Pictures are to be left out; every line from the one with "Fransız yemeği, çikolata" through the end of the data must be transcribed exactly.

(Caption-style text data)
◆ ◆ ◆

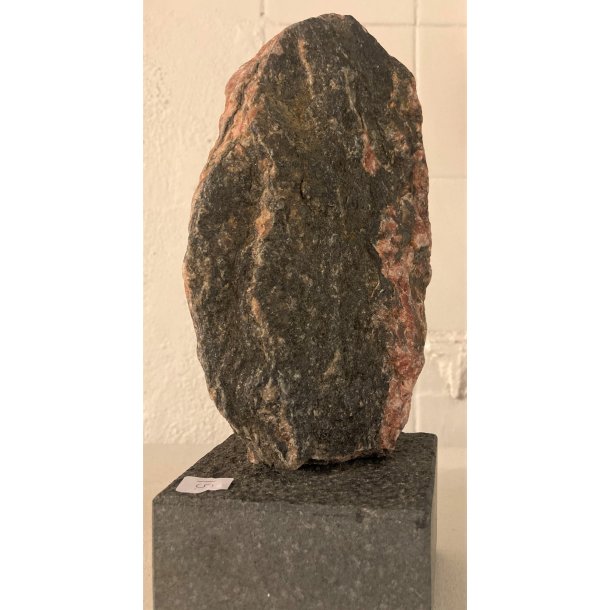 15. Benny Bkmand rd sten p sort sten sokkel granit unik 18x15x10cm 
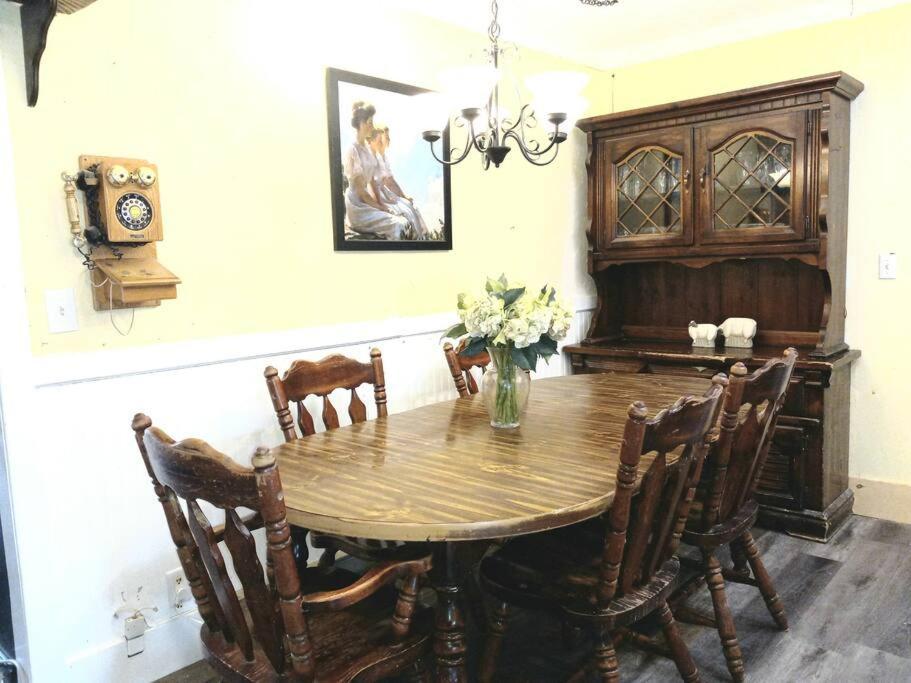 The Goulding Cottage And Farm - 4 Beds, 3 Baths Henrieville Ngoại thất bức ảnh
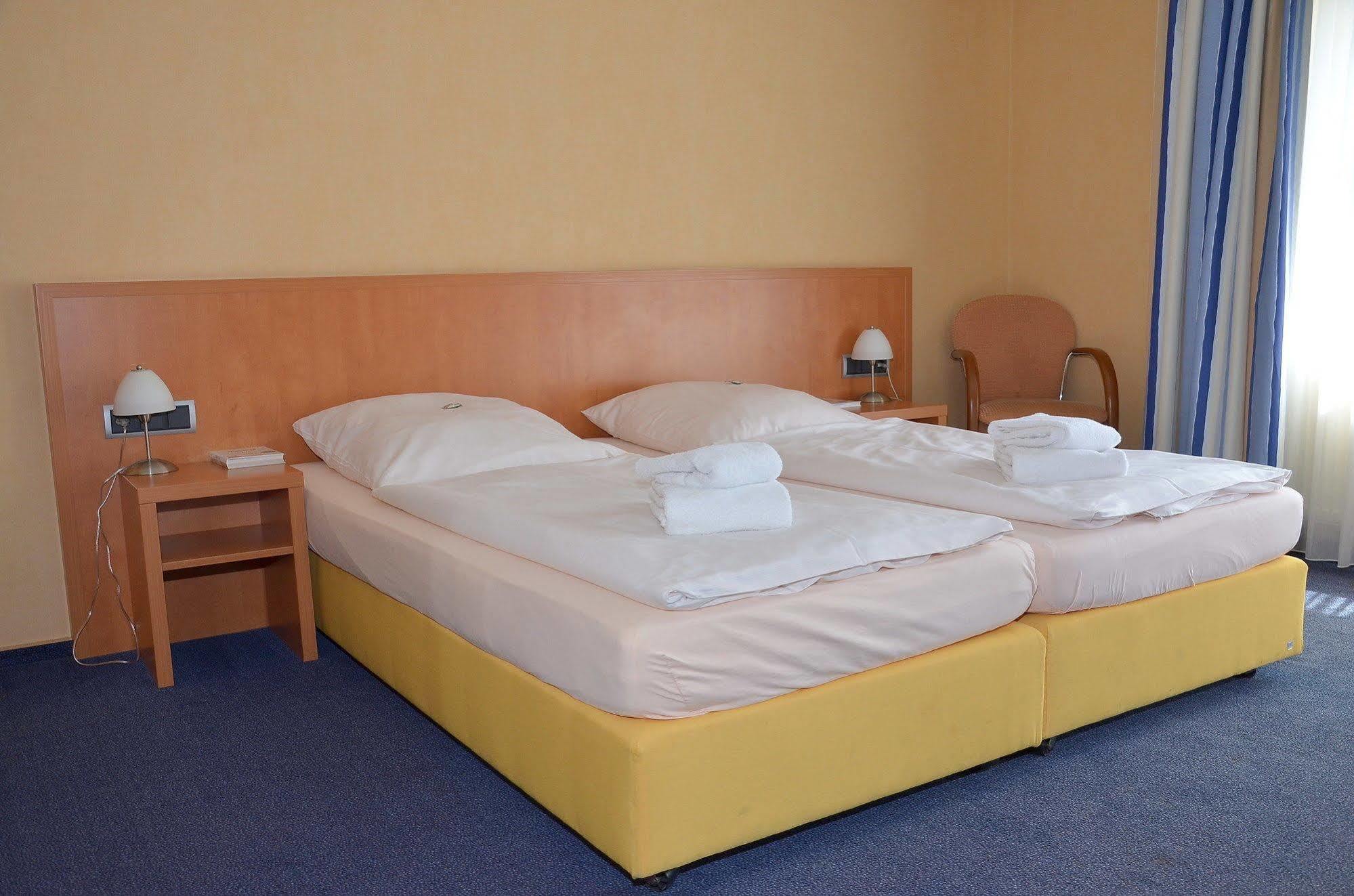 Lavital Sport- & Wellness Hotel Wesendorf Ngoại thất bức ảnh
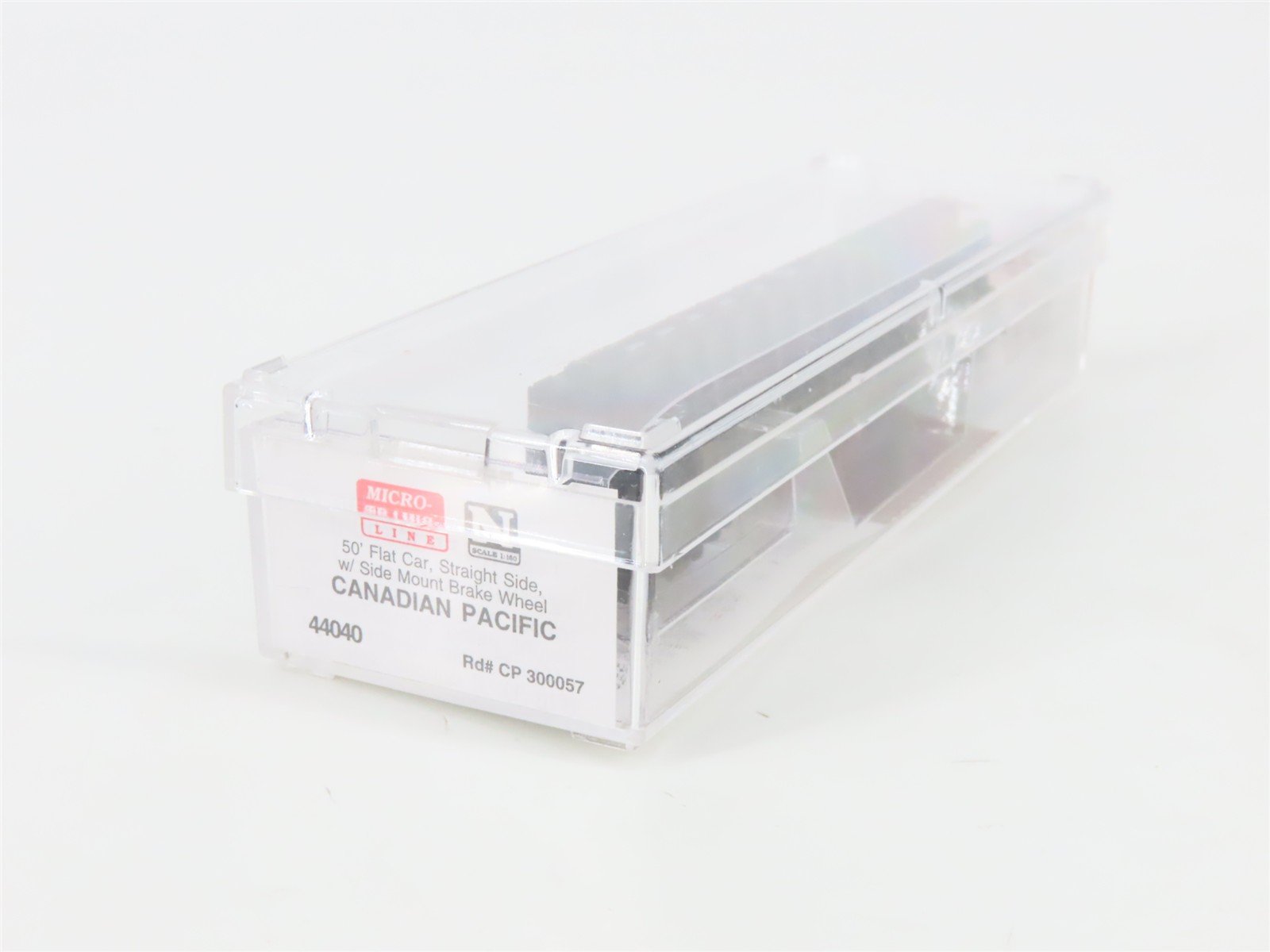 N Scale Micro-Trains 44040 CP Canadian Pacific 50' Flat Car 300057 RTR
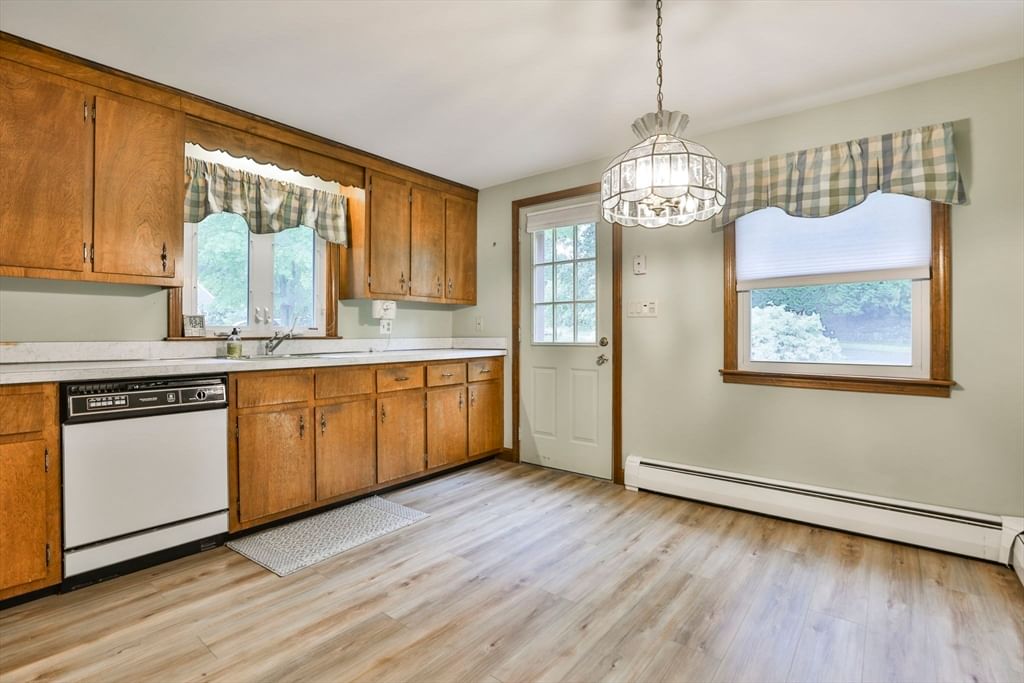 443 Quinapoxet St, Holden, MA Photo #4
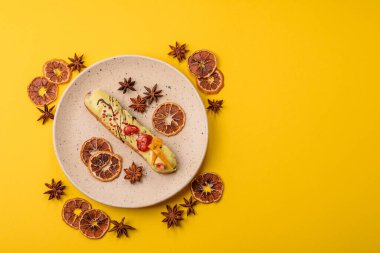 Fransız yemeği, çikolata dolgulu tatlı ve renkli kremayla kaplı. Tasarımınız için tatlı bir ekin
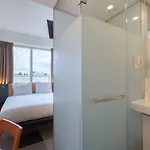 Maxhotel Amsterdam Airport Schiphol - Recently Renovated Hotel 3*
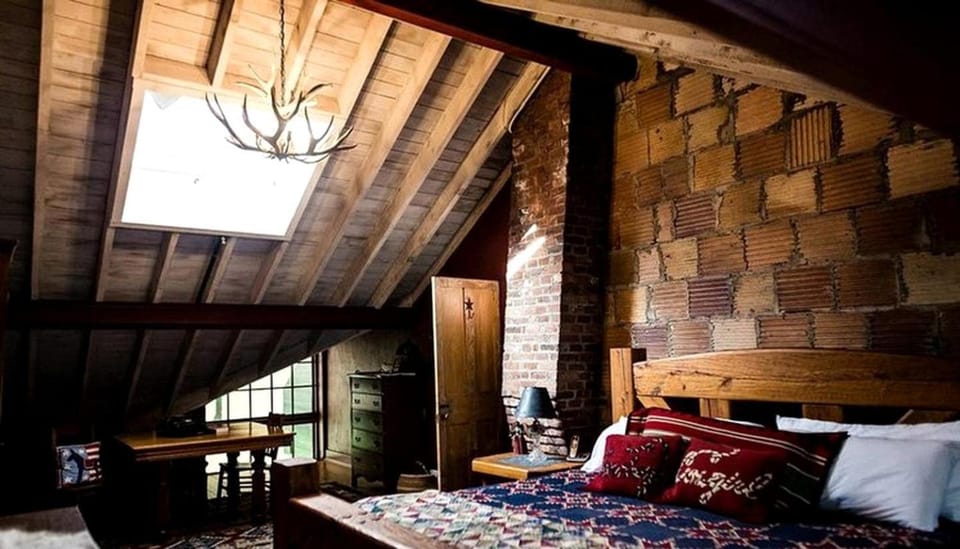 Gorgeous Green Mountains Vacation Rental with a Pool in Manchester, Vermont House in Vermont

◆ ◆ ◆

** Output of the task **
 Fransız yemeği, çikolata dolgulu tatlı ve renkli kremayla kaplı. Tasarımınız için tatlı bir ekin
 Maxhotel Amsterdam Airport Schiphol - Recently Renovated Hotel 3*
 Gorgeous Green Mountains Vacation Rental with a Pool in Manchester, Vermont House in Vermont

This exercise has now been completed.